* Given data:
=== Section Start ===
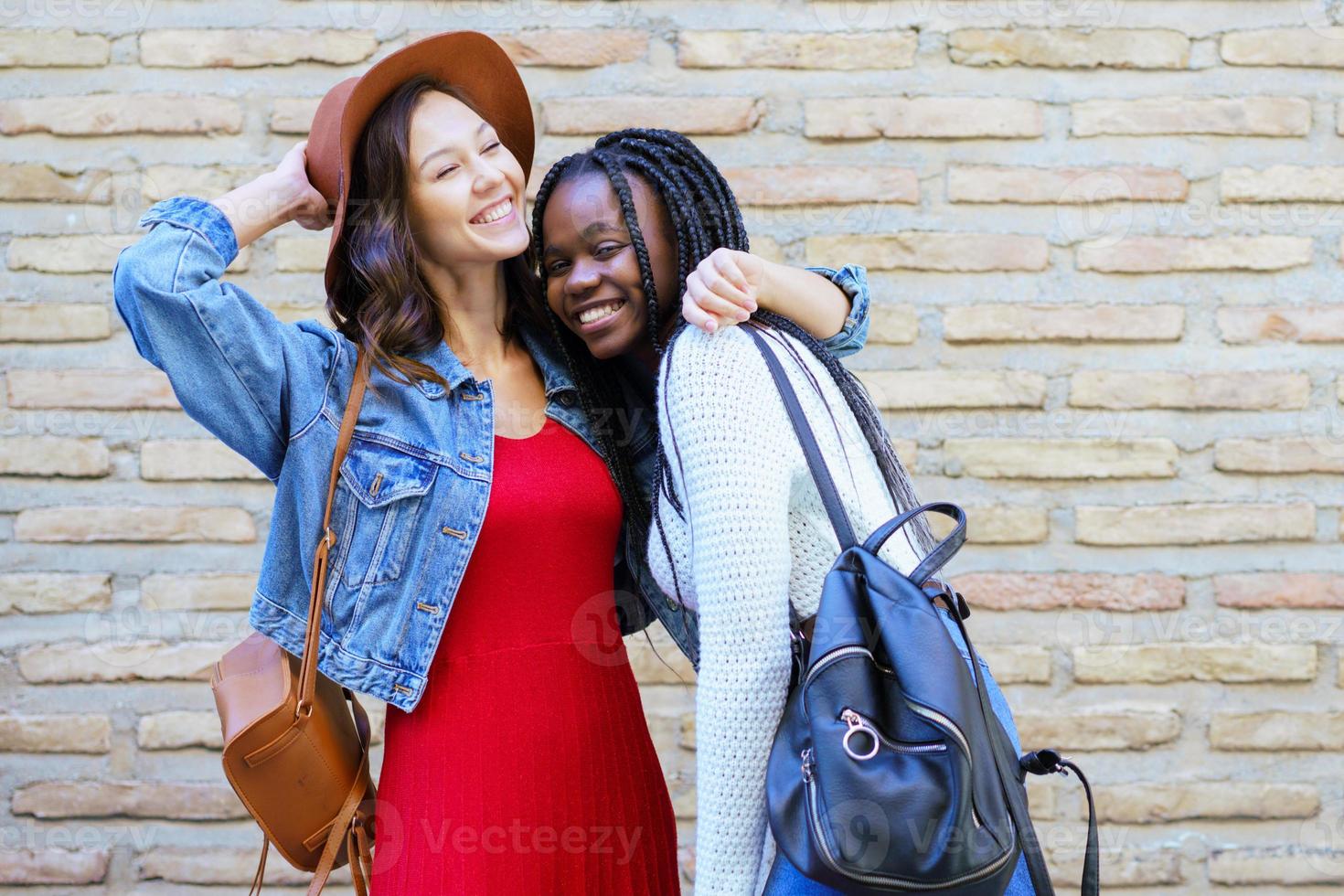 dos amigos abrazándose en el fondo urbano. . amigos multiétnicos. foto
=== Section End ===
=== Section Start ===
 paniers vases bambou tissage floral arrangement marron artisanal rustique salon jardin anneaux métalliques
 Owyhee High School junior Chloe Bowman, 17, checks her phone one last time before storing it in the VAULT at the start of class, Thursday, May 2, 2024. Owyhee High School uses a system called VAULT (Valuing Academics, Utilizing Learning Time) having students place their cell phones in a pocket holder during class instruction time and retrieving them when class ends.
=== Section End ===
* Work to complete: What you give back must be the stretch above, starting at the line with "paniers vases bambou" and ending at the line with "Owyhee High School junior", copied exactly.

* Task solution:
 paniers vases bambou tissage floral arrangement marron artisanal rustique salon jardin anneaux métalliques
 Owyhee High School junior Chloe Bowman, 17, checks her phone one last time before storing it in the VAULT at the start of class, Thursday, May 2, 2024. Owyhee High School uses a system called VAULT (Valuing Academics, Utilizing Learning Time) having students place their cell phones in a pocket holder during class instruction time and retrieving them when class ends.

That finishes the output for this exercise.